Jacqueline Durran’s costume design adds to the non-fiction illusion. It’s a late 70s/early 80s couture that evokes the era while avoiding kitsch. There’s a fine balance struck in the fashion on display. Nameless background players who don’t have lines still feel like fully realized characters thanks to their eye-catching outfits. Lovers Rock is brimming with life in every frame.
The attention to texture, flavor, and detail speaks to the lived-in quality of Lovers Rock. McQueen and co-writer Courttia Newland drew on family memories from the local house party scene. Blue parties (as they’re called in the UK) were thrown by necessity as black men and women were not welcome at white nightclubs. House parties gave the West Indian community a chance to dance, to flirt, to feel human. Lovers Rock is quick to offer a reminder of the pervasive racism waiting just down the block away from the confines of the house. That reality makes the freedom and pleasure of the dance floor that much more welcome.
I can’t wait for someone to compile a full list of songs that appear in Lovers Rock. The extended dance sequences aren’t simply a showcase for Coral Messam’s choreography: they’re the narrative heart of Lovers Rock. Two needle drops, in particular, stand out given the way they capture the shifting moods of a party at different stages of the night: “Silly Games” by Janet Kay and “Kunta Kinte” by The Revolutionaries.
“Silly Games” appears early in the film as the party’s getting set up, and it returns as a sensual crescendo as black bodies and black voices entwine. “Kunta Kinte” provides a space to vent frustration and voice desire for liberation, the emotional abandon tempered by a sense of shared struggle. We’re shown in ways big and small how people at the party look out for one another, part of the film’s overriding expression of solidarity even in spite of unavoidable (and perhaps irresolvable) interpersonal conflicts. Notice how this tiny room gives everyone enough space to breathe and to be.
There’s another song Lovers Rock somehow uses perfectly, but I won’t spoil it. I’ll just say it’s the only use of the song on film that hasn’t sucked.

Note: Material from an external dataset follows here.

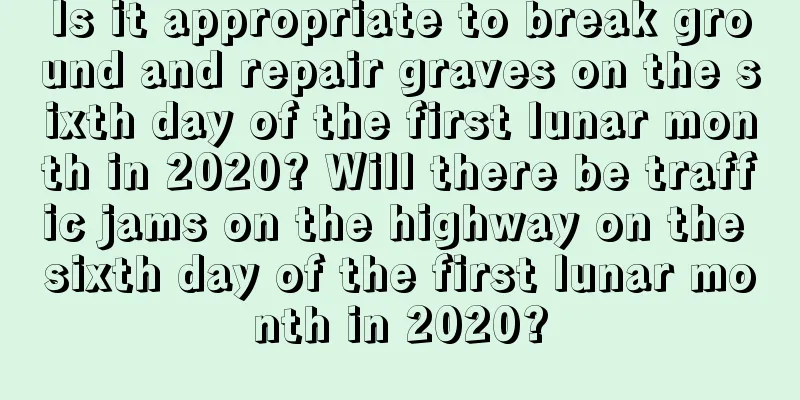 Is it appropriate to break ground and repair graves on the sixth day of the first lunar month in 2020? Will there be traffic jams on the highway on the sixth day of the first lunar month in 2020?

I wonder if the loose feel of Lovers Rock is indicative of the rest of the Small Axe films, or if this is an outlier in the anthology in terms of tone and approach. What may unify all these films beyond their geographical focus is the emphasis on black lives, black ingenuity, and black perseverance. The anthology, as a whole, takes its name from a Jamaican proverb: “If you are the big tree, we are the small axe.” The Wailers wrote a song that popularized the saying. In the chorus, Bob Marley adds with joyous defiance, “Sharpened to cut you down.”
However Lovers Rock complements the rest of Small Axe, it may wind up being the most effortlessly enjoyable work of the anthology. McQueen’s created his most accessible film without abandoning thoughtfulness or craft. This is also McQueen’s shortest film at just 68 minutes, but like any good song, Lovers Rock belongs on repeat.